Visualizing complexity

I was doing some research for the upcoming exhibition of Bruno Latour and looked into the question of tone in scientific communication, specifically the stylistic influence of visual representations of knowledge. Obviously the style changed over time, became more abstract, less naturalistic, less.. certain. As if the scientists became troubled by the idea of adding some character to the visual language. One particularly popular type of illustration in geosciences is the block diagram. While visually appealing, it often lacks any kind of a sensible way to embed processes that happen outside of the cut out piece of earth - the circulation of water, the circulation of life forms, human influence, changes over time - all that has to be added in some stupid way, with arrows and explanations.

Instead, I looked for ways to bring some of the old, more subjective ways to scientific illustrations. Add a few too many details. Make it alive, permeable for living creatures.

I took some illustrations by the 19th century German zoologist, philosopher and illustrator Ernst Haeckel, and used them as style for a neural style transfer algorithm.

We are conditioned to look for meaning in scientific illustrations. While the meaning is lost through the process of neural style transfer, the illustration gains a lot of visual complexity. As viewers we may sense a deep cross-interlocking between the animal and its environment, but we do not get the chance to actually understand the specifics of their relationships.

Here are a few more:

Because of the non-deterministic nature of neural style transfer, the results differ a little bit every time you run the script. Combining a dozen outputs creates an interesting effect. It’s not breathing nor movement but some kind of uncertainty that normally only comes when you freeze living matter in time. Like a collection of portrait photographs, neither of which is truly you.

How to do it yourself

I’ve been using jcjohnsons neural-style code for the transfer. The CPU mode is painfully slow, so you’d need a GPU to produce images fast enough to experiment and learn. The limiting factor of the GPU is the memory - with a 4gb GPU memory, you’d end up producing images up to 200 pixel wide. Way too small. Get yourself a Google Compute Engine instance, or one from AWS or Microsoft Azure. They offer up to 300$ (in case of GCE) in funds when you register so you may end up not spending any money on your experimentations. Add a 8+ GB GPU and you are good to go.

The secret to good results is to produce images in the same resolution in which the neural net you are using is most responsive. In the case of VGG19 that neural style uses, the optimal resolution lies between 256 x 256 and 512 x 512 pixels. Choose a larger amount to preserve the structure of your content file, a smaller amount to let your style appear bigger.

The starting resolution was 256 with the left, 512 with the right image.

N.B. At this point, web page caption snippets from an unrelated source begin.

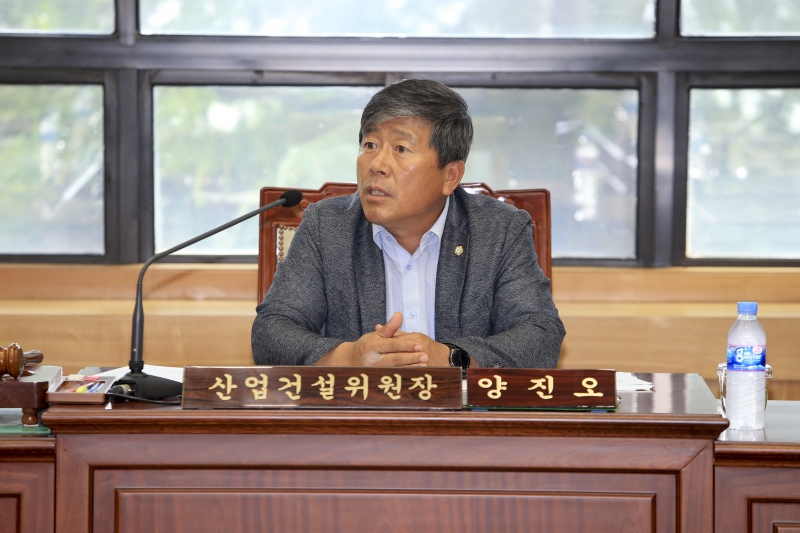 20180814-001[AP7U8934-산업건설위원회 간담회-관내 폭염피해대책 관련 보고건 .JPG
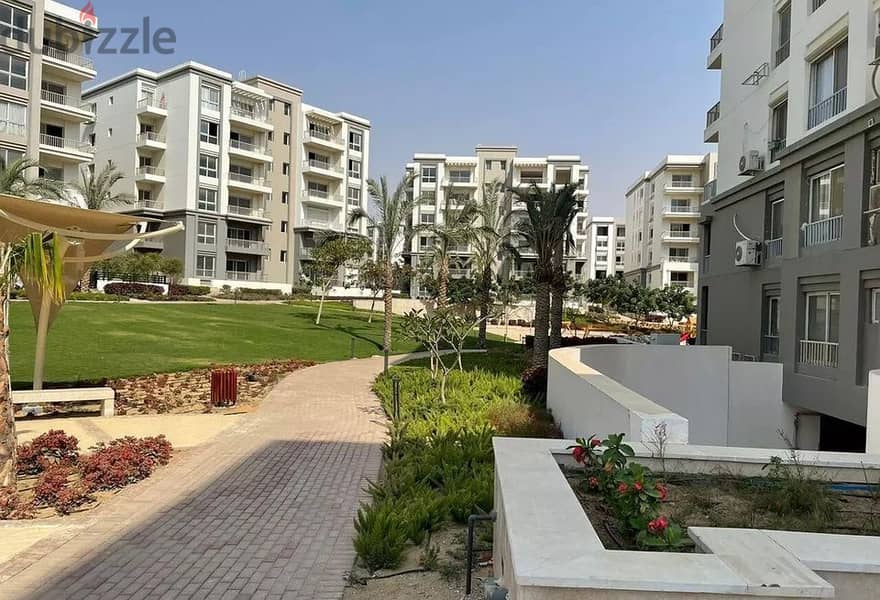 Apartment with garden for sale in installments in the most prestigious compound in the settlement Hyde Park 1
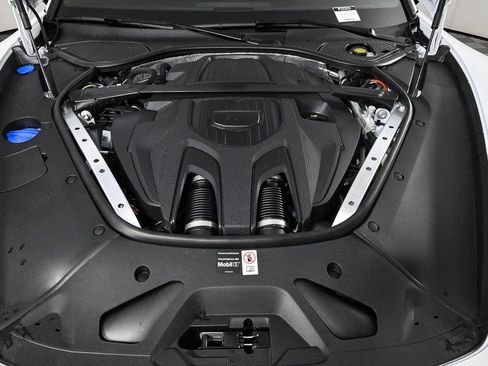 New 2026 Porsche Panamera image 36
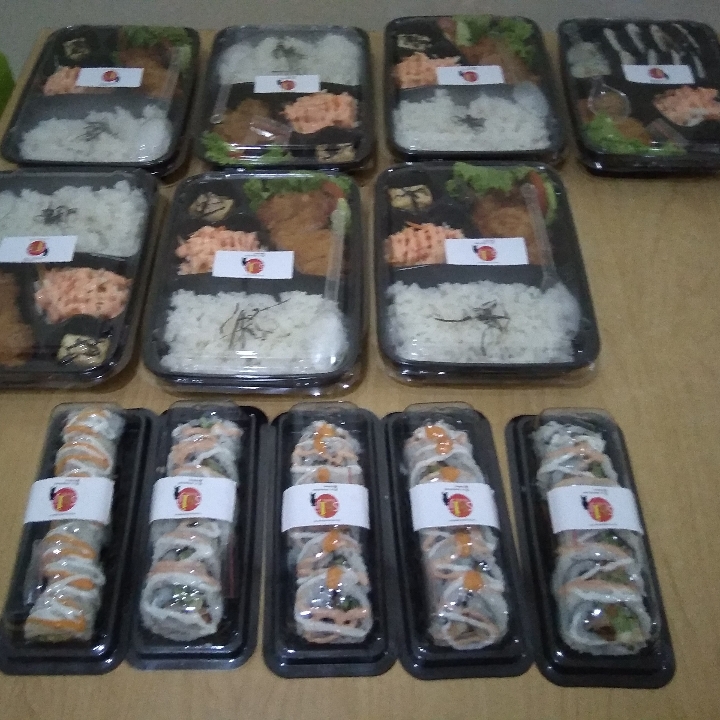 Pesanan Roll Sushi Dan Set Katsu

After you have created your low resolution image, style transfer can be used to upscale it, by using your output image to initialize the transfer through the -init parameter. I am doing the upscaling in steps, each step tripling the resolution. This bash script creates a final image with 1400 pixels width, which is close to the limit of a GPU with 8 GB. In case of non-quadratic image proportions, you can go quite a bit higher before out of memory errors stop you from having fun.

#!/bin/bash
# Let's imagine that you call this file hqstyle.sh 
# Make it executable and the run it like this:
# ./hqstyle.sh contentimage.jpg styleimage.png
# afterwards look for the results in contentimage.jpgstyleimage.png.png 
# and come back to http://rybakov.com for more
#
echo ""
echo "==== UPSCALED STYLE TRANSFER ===="

    echo "Processing $1 file with $2 style.."
    th neural_style.lua \
            -style_image style/$2 \
            -content_image content/$1 \
            -image_size 512 \
            -gpu 0 -print_iter 1 -save_iter 50 \
            -normalize_gradients \
            -num_iterations 400 -backend cudnn \
            -style_scale 1 -content_weight 100 -style_weight 1500 \
            -pooling max -tv_weight 0 \
            -output_image out.png \
            -seed 123

    th neural_style.lua \
            -style_image style/$2 \
            -content_image content/$1 \
            -image_size 710 \
            -gpu 0 -print_iter 1 -save_iter 50 \
            -normalize_gradients \
            -num_iterations 150 -backend cudnn \
            -style_scale 1 -content_weight 100 -style_weight 1500 \
            -pooling max -tv_weight 0 \
            -init image -init_image out.png -seed 123

    th neural_style.lua \
            -style_image style/$2 \
            -content_image content/$1 \
            -image_size 1000 \
            -gpu 0 -print_iter 1 -save_iter 50 \
            -normalize_gradients \
            -num_iterations 150 -backend cudnn \
            -style_scale 1 -content_weight 100 -style_weight 1500 \
            -pooling max -tv_weight 0 \
            -init image -init_image out.png -seed 123

    th neural_style.lua \
            -style_image style/$2 \
            -content_image content/$1 \
            -image_size 1400 \
            -gpu 0 -print_iter 1 -save_iter 250 \
            -normalize_gradients \
            -num_iterations 150 -backend cudnn \
            -style_scale 1 -content_weight 100 -style_weight 1500 \
            -pooling max -tv_weight 0 \
            -output_image $1$2.png \
            -init image -init_image out.png -seed 123

The pooling option has a small but noticeable effect on the global contrast of the image. -pooling avg creates the same overall contrast in every part, while -pooling max results in a richer variety of artifacts over the whole image. Average pooling has its use if you plan to create a larger resolution images by tiling them and using style transfer on each tile. See Neural-Tile for an example.

Pooling is average on the left, max on the right.

In the end, it all boils down to your selection of content and style images. Make sure to select images with similar dynamic range, similar contrast and colors for best results. Basically, the more alike the histograms of your images are, the better the results.

CNNMRF produces results similar to neural style, but gives more weight to the structure of the content file. Best used when style and content image depict a similar subject, like two portraits or two similar architectural shots. CNNMRF output files can also be upscaled by the neural style script.